■ **TASK INSTRUCTIONS**
Write the entries below out again exactly; any picture in them stays out.

Short web captions:
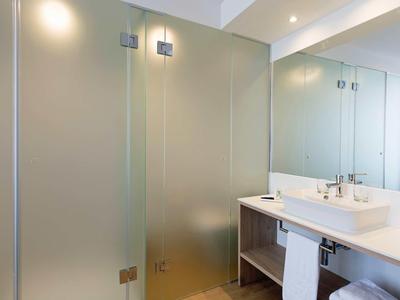 Modern hotel bathroom with frosted glass shower, white sink, large mirror, and clean design.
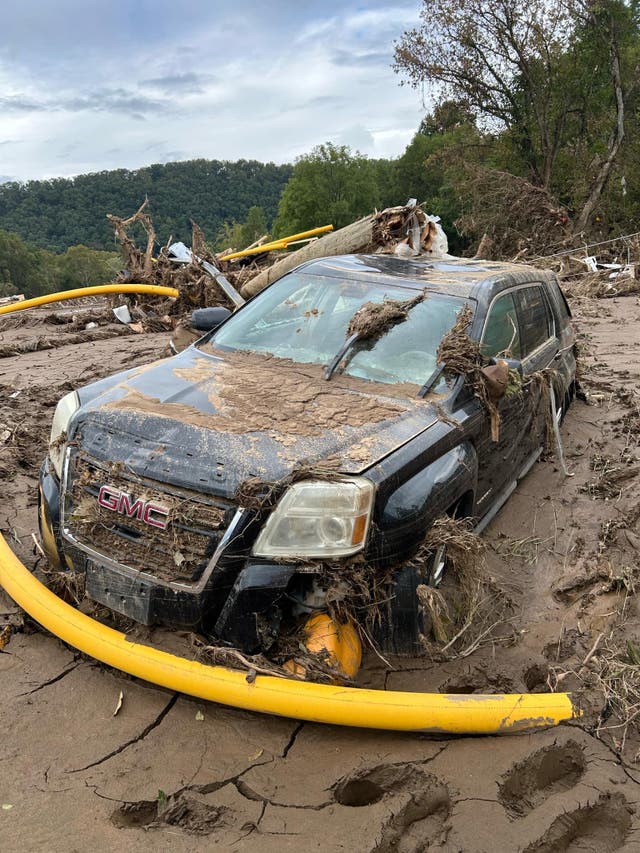 <p>Robert Jarvis’s GMC truck is stuck in the mud after Hurricane Helene brought widespread flooding to northeastern Tennessee last Friday. </p>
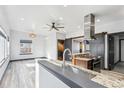Open-concept kitchen featuring modern appliances, granite counters, and easy access to living area at 1937 Jay St, Lakewood, CO 80214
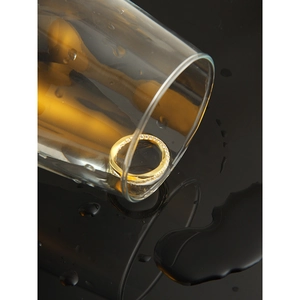 Gros plan d'une bague Mobius dorée avec zircons sur un fond miroir créatif avec eau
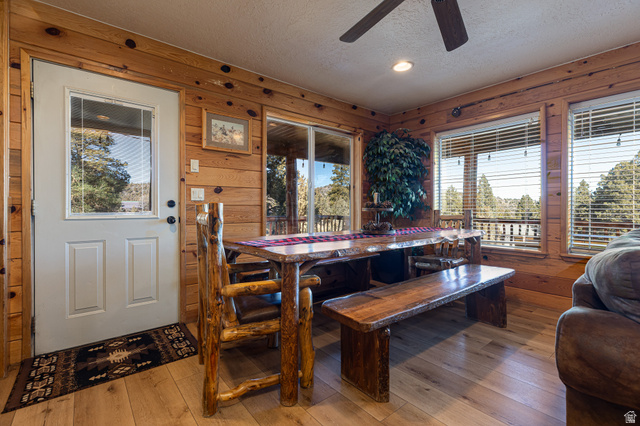1505 West Elk Ridge Drive Alton, UT 84710 - Photo 2 of 53 Dining area with a textured ceiling, wooden walls, wood-type flooring, a ceiling fan, and recessed lighting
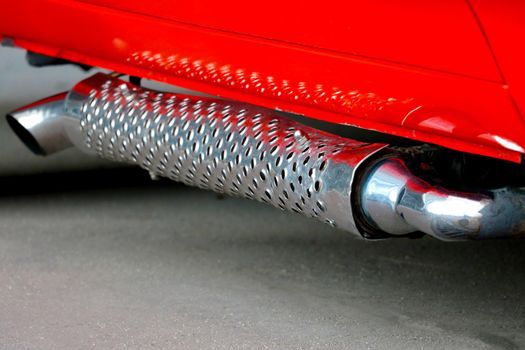 Large exhaust pipe of a powerful car, pickup truck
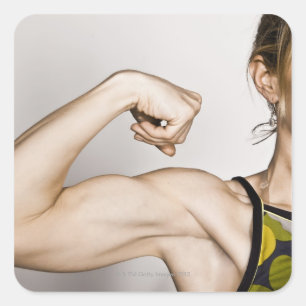 Young blonde female flexes bicep muscle while square sticker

■ **SOLUTION FOR THIS TASK**
 Modern hotel bathroom with frosted glass shower, white sink, large mirror, and clean design.
 <p>Robert Jarvis’s GMC truck is stuck in the mud after Hurricane Helene brought widespread flooding to northeastern Tennessee last Friday. </p>
Open-concept kitchen featuring modern appliances, granite counters, and easy access to living area at 1937 Jay St, Lakewood, CO 80214
 Gros plan d'une bague Mobius dorée avec zircons sur un fond miroir créatif avec eau
1505 West Elk Ridge Drive Alton, UT 84710 - Photo 2 of 53 Dining area with a textured ceiling, wooden walls, wood-type flooring, a ceiling fan, and recessed lighting
 Large exhaust pipe of a powerful car, pickup truck
 Young blonde female flexes bicep muscle while square sticker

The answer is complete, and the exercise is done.